令和六年度 大学入学共通テスト追試験 政治・経済 第1問 問7

問題

国連(国際連合)に関連して、生徒Xと生徒Yは、安全保障における国連の意義について話し合っている。次の会話文中の空欄( ア )に当てはまる記述として最も適当なものを、後の①〜④のうちから一つ選べ。

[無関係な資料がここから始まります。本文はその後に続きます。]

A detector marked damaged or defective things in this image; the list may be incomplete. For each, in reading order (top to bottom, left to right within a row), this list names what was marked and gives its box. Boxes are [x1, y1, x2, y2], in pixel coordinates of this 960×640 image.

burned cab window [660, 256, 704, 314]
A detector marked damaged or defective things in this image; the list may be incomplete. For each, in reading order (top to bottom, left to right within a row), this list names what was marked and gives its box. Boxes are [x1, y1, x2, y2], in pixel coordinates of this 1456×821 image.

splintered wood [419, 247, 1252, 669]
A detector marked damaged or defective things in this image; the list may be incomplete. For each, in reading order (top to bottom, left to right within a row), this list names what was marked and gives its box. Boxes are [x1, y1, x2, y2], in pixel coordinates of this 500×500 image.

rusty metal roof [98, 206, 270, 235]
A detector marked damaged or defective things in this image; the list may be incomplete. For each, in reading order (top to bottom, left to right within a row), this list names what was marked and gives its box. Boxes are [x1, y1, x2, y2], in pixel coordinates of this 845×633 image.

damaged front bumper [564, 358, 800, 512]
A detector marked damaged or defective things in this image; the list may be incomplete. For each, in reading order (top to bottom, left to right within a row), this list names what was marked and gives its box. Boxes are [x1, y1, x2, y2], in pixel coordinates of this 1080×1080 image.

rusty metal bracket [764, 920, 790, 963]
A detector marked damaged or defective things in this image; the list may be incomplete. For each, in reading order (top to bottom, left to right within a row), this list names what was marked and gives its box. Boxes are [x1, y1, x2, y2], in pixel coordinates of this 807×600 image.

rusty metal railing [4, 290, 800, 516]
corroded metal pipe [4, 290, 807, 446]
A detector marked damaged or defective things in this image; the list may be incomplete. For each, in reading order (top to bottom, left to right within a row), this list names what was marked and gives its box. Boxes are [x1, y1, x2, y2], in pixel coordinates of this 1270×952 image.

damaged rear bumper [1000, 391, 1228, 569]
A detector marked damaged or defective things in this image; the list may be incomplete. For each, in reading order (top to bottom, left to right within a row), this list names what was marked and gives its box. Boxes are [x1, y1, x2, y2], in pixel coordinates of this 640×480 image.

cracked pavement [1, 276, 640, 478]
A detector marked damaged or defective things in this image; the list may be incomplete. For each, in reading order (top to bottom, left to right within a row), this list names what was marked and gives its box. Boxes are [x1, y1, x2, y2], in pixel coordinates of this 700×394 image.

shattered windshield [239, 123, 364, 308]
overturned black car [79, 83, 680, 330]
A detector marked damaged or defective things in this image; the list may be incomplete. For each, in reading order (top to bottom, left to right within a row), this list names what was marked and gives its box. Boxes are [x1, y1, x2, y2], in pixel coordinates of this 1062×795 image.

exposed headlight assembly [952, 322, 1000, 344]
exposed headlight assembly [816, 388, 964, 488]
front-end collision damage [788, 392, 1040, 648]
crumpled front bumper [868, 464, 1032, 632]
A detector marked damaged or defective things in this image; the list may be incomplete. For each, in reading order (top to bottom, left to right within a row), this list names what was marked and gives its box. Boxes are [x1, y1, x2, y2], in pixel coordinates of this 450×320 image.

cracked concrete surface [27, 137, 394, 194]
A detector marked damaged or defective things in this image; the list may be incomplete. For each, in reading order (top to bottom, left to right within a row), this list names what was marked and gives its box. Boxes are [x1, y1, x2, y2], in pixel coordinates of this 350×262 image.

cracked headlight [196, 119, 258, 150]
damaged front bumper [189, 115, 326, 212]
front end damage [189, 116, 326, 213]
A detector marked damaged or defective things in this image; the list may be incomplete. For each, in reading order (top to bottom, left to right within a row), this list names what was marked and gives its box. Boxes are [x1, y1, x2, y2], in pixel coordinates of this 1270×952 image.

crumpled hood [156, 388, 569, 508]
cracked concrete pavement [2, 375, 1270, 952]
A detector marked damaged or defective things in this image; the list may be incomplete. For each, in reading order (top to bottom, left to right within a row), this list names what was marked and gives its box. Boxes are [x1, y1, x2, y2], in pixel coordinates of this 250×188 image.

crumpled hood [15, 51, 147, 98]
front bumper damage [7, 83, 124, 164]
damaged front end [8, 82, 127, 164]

X:国連について考えてみたけど、安全保障の分野をみればその意義はあまり大きくないと思うよ。常任理事国間の対立のために安保理(安全保障理事会)が実効的に対処できないことが、これまでもたびたびあったよね。
Y:安全保障における国連の意義を考える際は、安保理だけでなく、総会が果たしてきた役割にも目を向ける必要があるのではないかな。たとえば、( ア )。
X:国際の平和と安全の維持に主要な責任を負うのは安保理だと「政治・経済」の授業で学んだけど、安全保障における国連の意義は、ほかの機関も含めた国連全体をみて考える必要があるんだね。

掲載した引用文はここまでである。